The Hog Ranch near Hillville, Iowa, is a notorious place. All kinds of illegal ‘business’ prospers there. It’s a known hideout for the criminal element, and its proximity to Omaha is a major plus for the goings-on inside – and outside as well. The sturdy old log structure sits along the shoreline of the Missouri River; that mighty waterway flows just steps outside the back door and provides a good place to dispose of dead bodies. Set in the middle of the 1950’s, the tale of Hurricane Kingdom – who seems (at first) a minor character in the entire scheme of things – twists and forks along the muddy trails of the riverbank behind the Hog Ranch with its gambling Cellar, gigantic barroom, and a well-populated House on the top floor.
The quiet and somewhat dull town of Hillville is nearby but also a world away, exactly as the town and the Ranch both want it to be. Guy LeFevere and Caleb Starfire, the men who shoulder the burdens of the Starfire Detective agency, share the responsibilities of policing the town as well as all of Bogger County with an inept, portly and rather absurd sheriff, Fred Baylor.

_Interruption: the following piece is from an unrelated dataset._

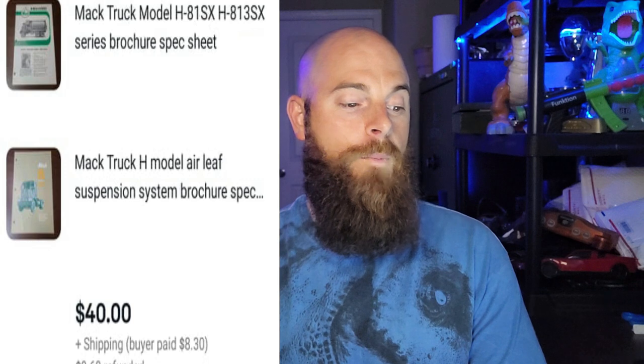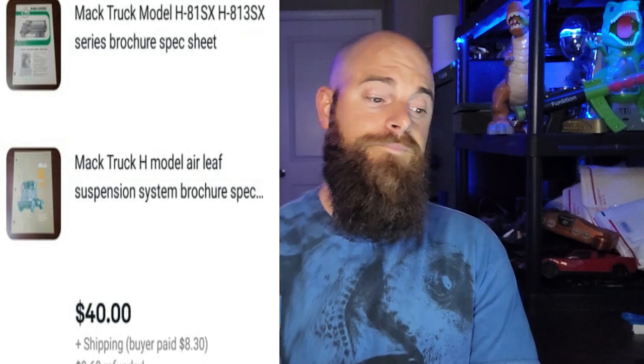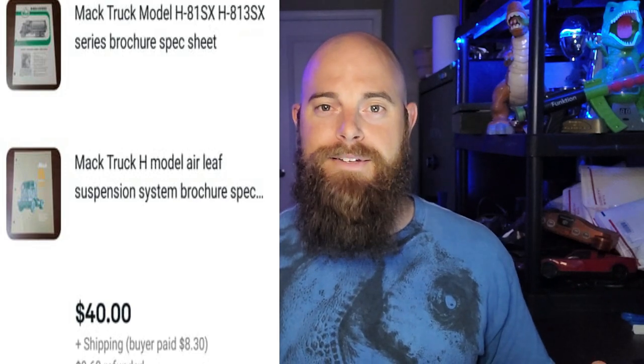This is a Mack Truck Max language brochure sheet from the attic — only took a couple days to sell, went for $20 plus shipping. Also sold alongside it were more spec sheets and a Mack Truck H Model Air Leaf Suspension System brochure spec sheet — those two went for $40 plus shipping. The lesson here is that when you're buying big auction lots or at estate sales and you find a binder full of old spec sheets from someone who worked at Mack Trucks, each page can be worth $15 to $20. Pretty mind-blowing.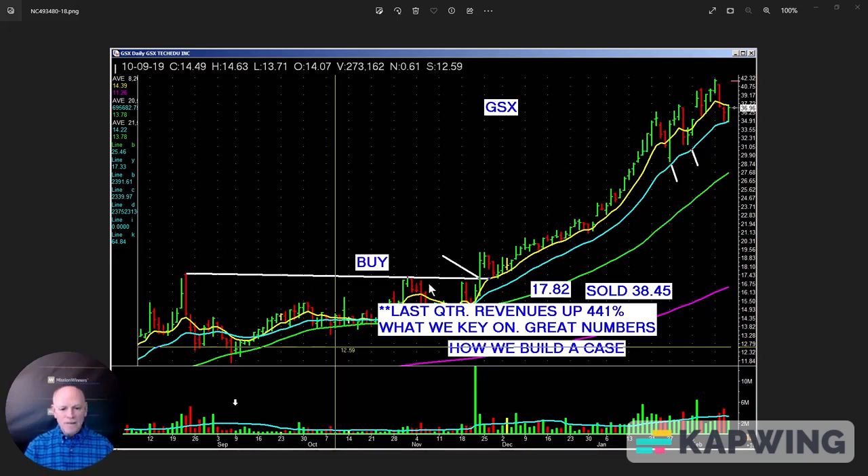GSX — look at this. This was a key stock from 2019. Revenue was up 441 percent before we bought it. Look at the clean and simple flat base. People talk with their mouths and vote with their pocketbooks. They voted. Look at the volume coming into this stock through these bars.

It’s a mixed match-up, but despite all the fuming and fumbling of the dull-witted sheriff, the detectives prevail, and more often than not the criminal element is subdued or eventually rendered harmless – and sometimes actually imprisoned. Frequently, however, the criminals inflict their deadly punishments upon each other. The 1950’s shine through the novel and offer a fun-filled romp through Hillville and its environs, creating renewed memories for those who survived that time, and a lesson in human history for those who missed all the fun.

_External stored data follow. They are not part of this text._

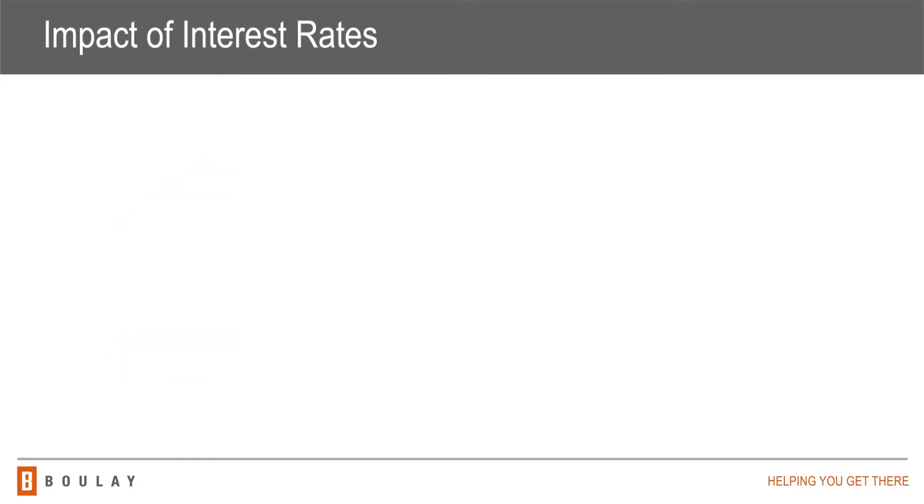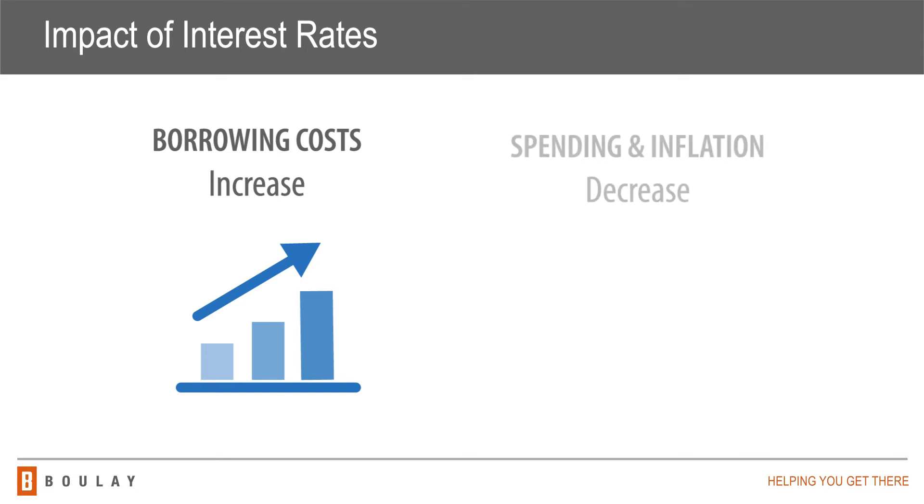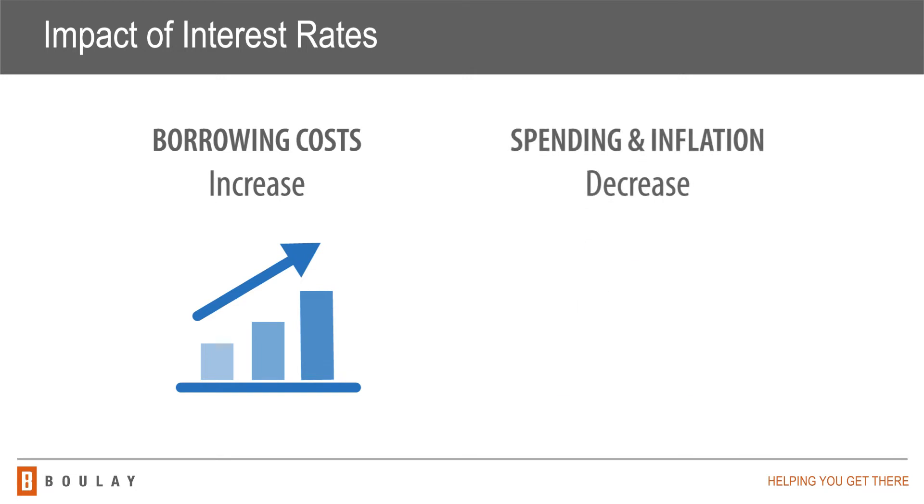The Federal Reserve often increases interest rates to dampen rising inflation and slow the economy. As the cost to borrow increases, what you can afford to purchase decreases, meaning spending goes down. If spending goes down, demand also goes down, which most often results in decreasing prices at the gas pump or grocery store. This in turn helps slow inflation.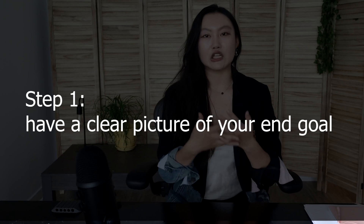So step one is of course finding an online course, right? Wrong. This is usually mistake number one. Step number one is actually having a clear picture of your end goal — in other words, a good reason for learning a new skill and/or leveling up your skill set with online courses.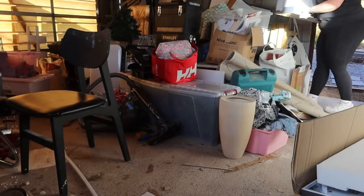We need to just start moving stuff and get it out so we can actually see the space, and then once it's all empty I'll show you guys what the garage actually looks like.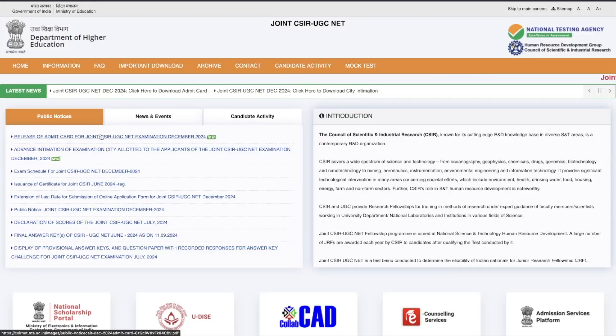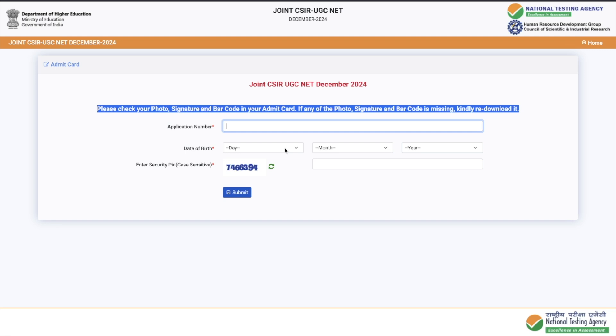All you have to do is click on the link and fill up the details asked: your application number, date of birth, and captcha code, then submit. Please check your photo, signature, and barcode in the admit card. If any of the photo, signature, or barcode is missing, please re-download it.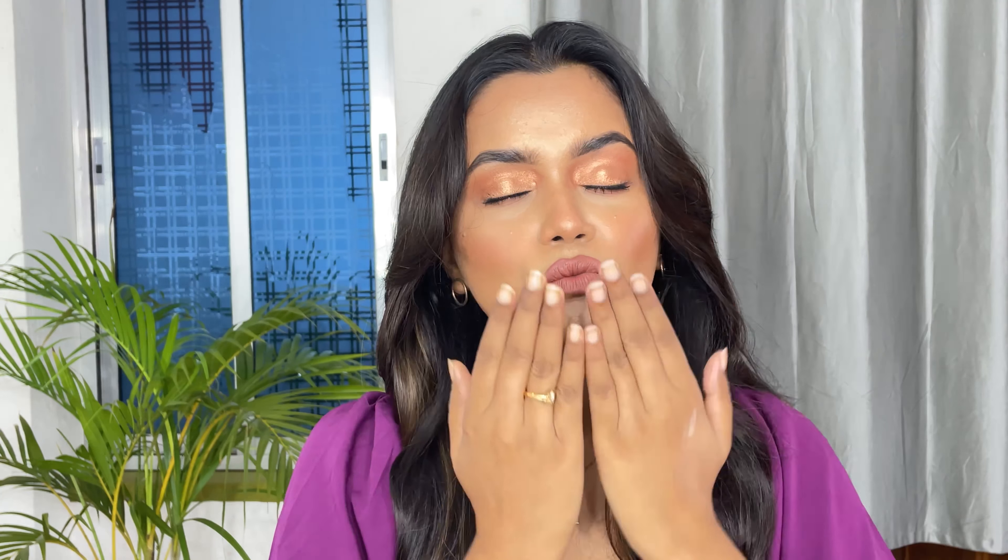So this is my final look. Let me know if you guys have liked this demo and review video of the newly launched Sugar Cosmetics Aquaholic range, and also don't forget to mention how this makeup look was. Thank you so much for watching this video — see you guys in my next video, till then take care, bye!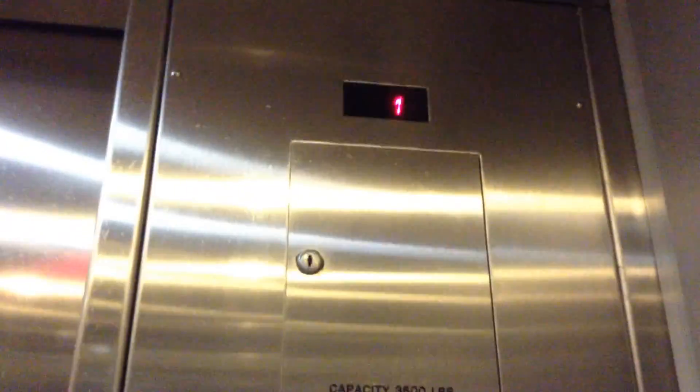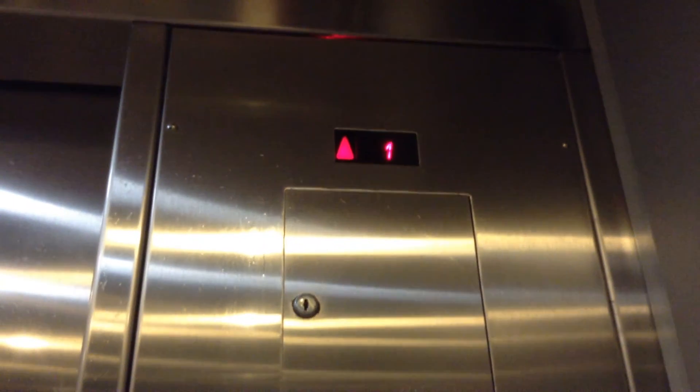Now let's look at something. Of course, the door close button does not work. Here we go.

Herbert L. Smith is here at Brooke Blogs today with an interesting guest post. He is sharing some of his life story about growing up in Iowa as an introduction to his books. Thank you so much for the guest post, Herbert.
It might seem a little egocentric to write about myself so much on these guest posts, but after thinking about it, I decided that these posts could add something to the books by making my own early life a mirror of the times I’ve written about in the Starfire Mystery Series.
I was born in 1939, in a tiny house out in the country south of Glenwood, Iowa – Hillville in the books – on the first day of July, during a major flood of the Missouri River. The great waterway normally flowed along about a mile from that house. But as the days passed, the river enlarged and encroached on the house; the family had to flee in a farm wagon pulled by horses. They plodded through the waters for about two miles to get to the hills on the east side of the ‘river bottom’ as the wide, flat flood plain was called. Then the water rolled higher, inundating the little house for several days.
There was a lot of other intrigue at my birth, which I won’t go into now, but it couldn’t have been a secure time for my mother, and my older sisters felt the anxiety as well. Father, I’m sure, did much the same things then as he always did. He worked as hard as he could and left the rest to fate. Fate was kinder to him after that, at least for a few months.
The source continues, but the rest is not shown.